Against this backdrop, University of Haifa, a leader in promoting gender equity, decided to mark “Israeli Women’s Day” this year. This initiative included launching an artistic installation, combining the faces and words of dozens of women from the university’s community—members of its academic and administrative staff, and students.

The installation, titled “Faces and Words,” aims to fill the void left by the international community, which largely failed to condemn the sexual violence Hamas perpetrated against Israeli women on Oct. 7 and in its ongoing holding of hostages. The project is a collaboration with the University’s Gender Equity Department and the University’s Hecht Museum.

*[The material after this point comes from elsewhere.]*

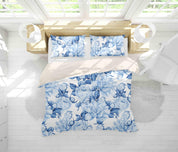 3D Blue Flowers Quilt Cover Set Bedding Set Pillowcases 65- Jess Art Decoration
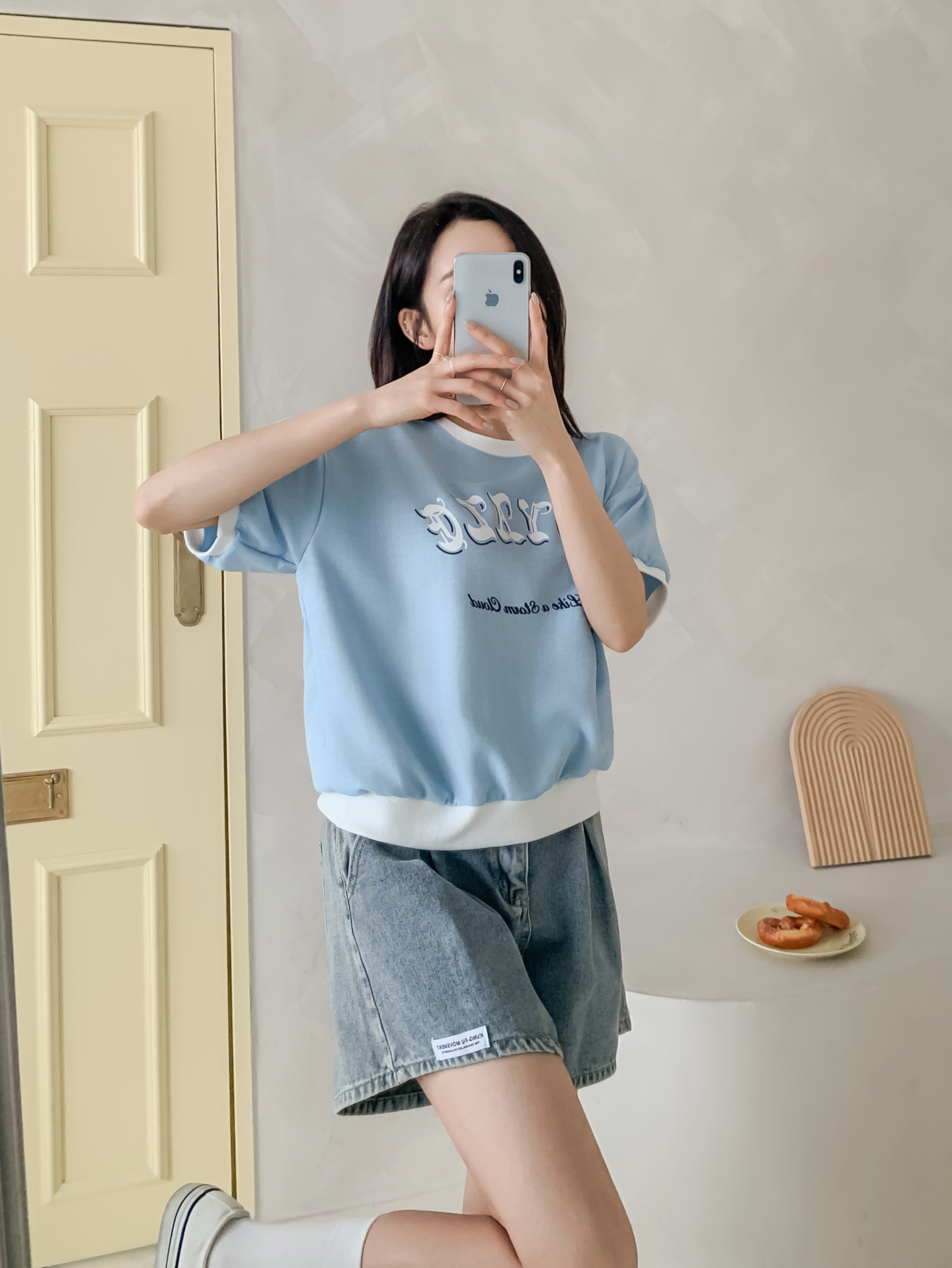 配色ルーズ半袖ドロップショルダーレタリングスウェット | 詳細画像18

“In many ways, Israeli women from all around the world see March 8 not as International Women’s Day, but Israeli Women’s Day. For many of us in Israel, Oct. 7 was a day when time stood still,” said professor Shulamit Almog, a professor of law at University of Haifa and presidential advisor on gender equity. “The lives of all of us, men and women, will never be the same. In addition to the many atrocities that took place that day, we know that those who are still captive in Gaza are still being subjected to untold horrors and sexual violence. Instead of condemning this violence, though, women’s organizations across the world stayed silent and ignored our pleas and warnings and excluded us from decision making bodies as a result.”

This artistic project, Almog explained, is a productive response to this disappointment, in which the University has given a platform to highlight the displays of bravery, determination, resilience and strength Israeli women have shown on Oct. 7 and thereafter. 

The art installation—a massive three-by-eight meter canvas that will hang on the exterior wall of the University’s Hecht Museum—encapsulates the stories of the thousands of Israeli women who are grieving because someone they love was killed, raped, and/or captured, sacrificed their time to volunteer, enlisted in reserves, or raised their voice in order to make the public aware of what occurred. 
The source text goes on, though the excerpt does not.